After 41 years in the music business, David Johansen has reached a place where he is so comfortable in his own skin, in his songs, in his ability to communicate, he can keep his efforts minimal but concentrated ,and with a magical ease, floor an audience. With former Harry Smith Brian Koonin accompanying David on guitar and cymbals, David used handclaps, finger snaps, whistling and a terrific harmonica, to take us through the various stages of his career.

As recent as the still not recorded mid-set "From Death To Death" and as early as the penultimate "Looking For A Kiss", David transversed his career (except for Buster Poindexter -cmon, throw in "Hot Hot Hot") with a stop in Norway to celebrate his deepest roots. It was a fun, perfectly orchestrated trip, as timeless as the Harry Smiths songs, and as modern as the Dolls Mach 2, David had the ease of a raconteur and a pop elder statesmen.

It felt so off the cuff, it reminded me of Jerry Lee Lewis, when he'd play entire sets by having the audience call out songs. But it wasn't. This is, more or less (no "Frenchette"!) the set he has been playing for years. The opening "Funky But Chic" , "Melody"  and "Boom Boom" are set in stone and displays both his vocal prowess, David has a somewhat stunning throaty growl,  and his musical acumen, -he plays a mean harp solo on the John Lee Hooker song.

It feels all of a piece but it isn't. Johansen goes from (in!) style to style, and he crafts them to his own skills. Old blues, glamy hard rock, punk:rock ballads – they were  pieces in a puzzle, like small gems in a larger, more luminous jewel, building a whole. To return to the first four songs again

Two solo faves

A blues cover

A song off the 2009 Dolls Mach 2, album 2

How can he fit it together like that.?  Especially with only Brian as a foil? David has been running variations on this set for years now and he knows where to go, how to make it flow. When to bring out the big guns, a raucous cover of "Rocket 88" with only foot stomps and cymbals to make it move, and when to settle down and really nail a tough song, A breathtaking "Richland Woman Blues"(the Mississippi John Hurt classic blues song) is given everything Johansen has and Brian, who has been wonderful back up all night long, all but bursts with the joy of finger picking.

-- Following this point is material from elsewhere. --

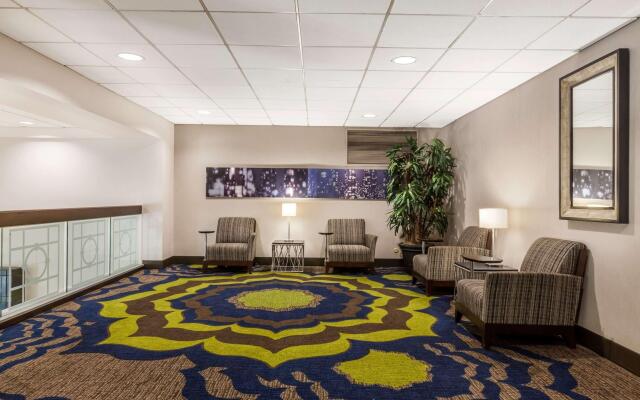 Courtyard by Marriott Pittsburgh University Center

I interviewed Johansen back in the day and liked him then and I liked him on stage. David's stage conversation was like having lunch with somebody you don't know all that well, but who is really interesting. He has a million great stories but you only get the handful there is the time for. Dave tells of birthdays in Norway, Todd Rundgren's Hawaii home ("a Cambodian druglords bogota") and just how far Buddhism will get you.

David looks in great shape, even if his face a little wrinkled. At the Rolling Stone tribute at Carnegie Hall earlier this year, he was the only artist to channel Jagger, on stage he still looks like Jagger. At 62 years old, Johansen is slim, athletic, craggily and handsome. A pleasure to watch as always. I mean always,. I've seen him many times but not in a decade, and he has never not given a professional but yielding performance.

Saturday night was all of that and more. A reminder of just how much great music David has originated and covered, of how many bands he has played with and how he shines brightly without forcing the full beam on himself.

So many of David's contemporaries are gone now: Johnny Thunders, Arthur Kane, Malcolm McLaren, but Johansen is still here and still a rock and roll star. He makes it look easy.